The required output is the lines below from the line containing "letra k logo" to the line containing "KIDUKU Kombi-Kinderwagen ®", inclusive, retyped exactly. No other lines belong in it.
+++ DATA FOR PROCESSING
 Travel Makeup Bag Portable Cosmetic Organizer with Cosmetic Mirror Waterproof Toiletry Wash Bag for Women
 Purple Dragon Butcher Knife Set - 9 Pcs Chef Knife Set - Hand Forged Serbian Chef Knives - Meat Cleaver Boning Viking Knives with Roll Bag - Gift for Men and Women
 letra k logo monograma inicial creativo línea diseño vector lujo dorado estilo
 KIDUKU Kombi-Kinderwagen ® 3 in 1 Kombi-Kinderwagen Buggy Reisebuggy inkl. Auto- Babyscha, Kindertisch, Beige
++++++
+++ DATA FOR PROCESSING
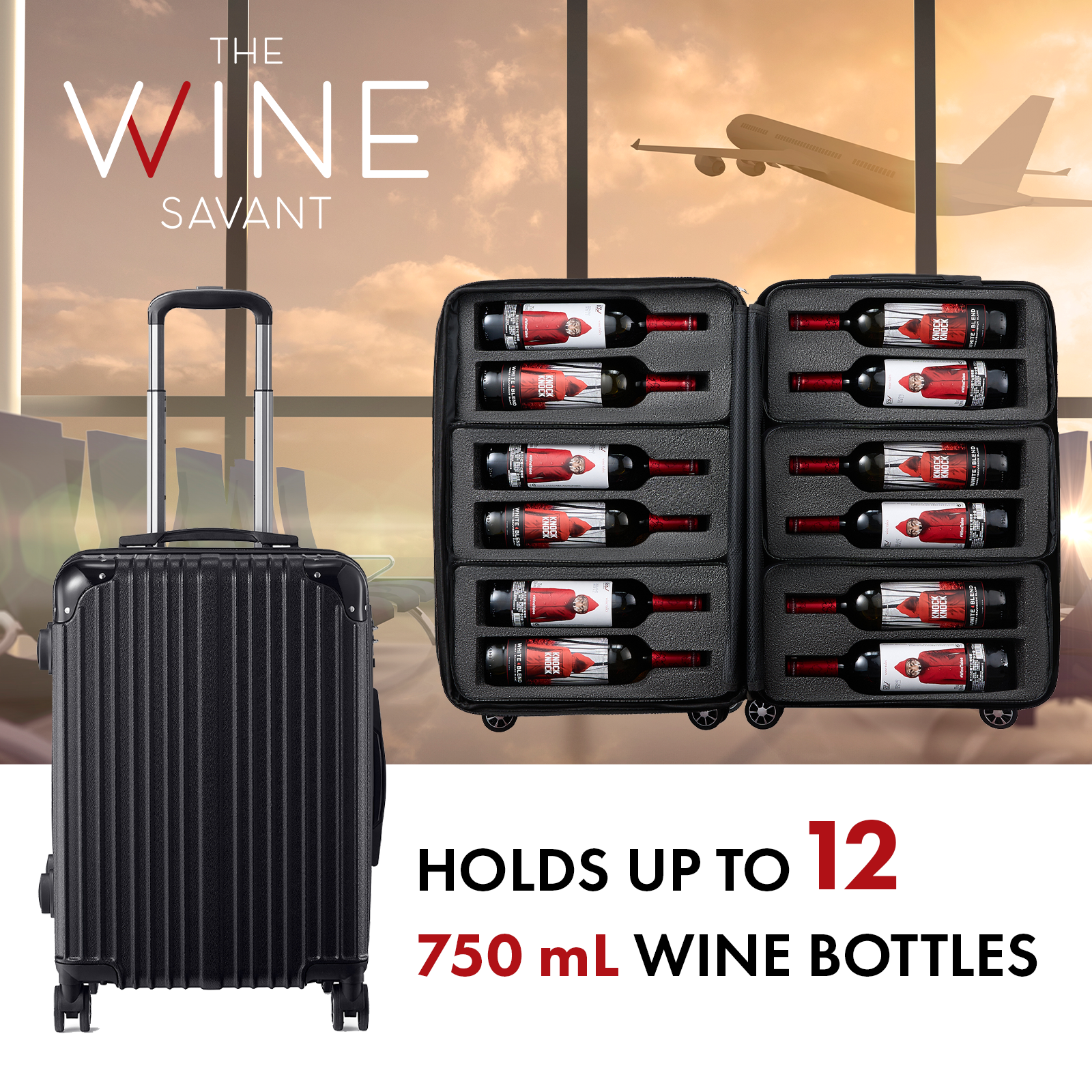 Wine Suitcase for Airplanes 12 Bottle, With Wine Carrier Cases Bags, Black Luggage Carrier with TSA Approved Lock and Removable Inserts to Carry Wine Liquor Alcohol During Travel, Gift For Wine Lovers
++++++
_ANSWER FOR THIS EXERCISE_.
 letra k logo monograma inicial creativo línea diseño vector lujo dorado estilo
 KIDUKU Kombi-Kinderwagen ® 3 in 1 Kombi-Kinderwagen Buggy Reisebuggy inkl. Auto- Babyscha, Kindertisch, Beige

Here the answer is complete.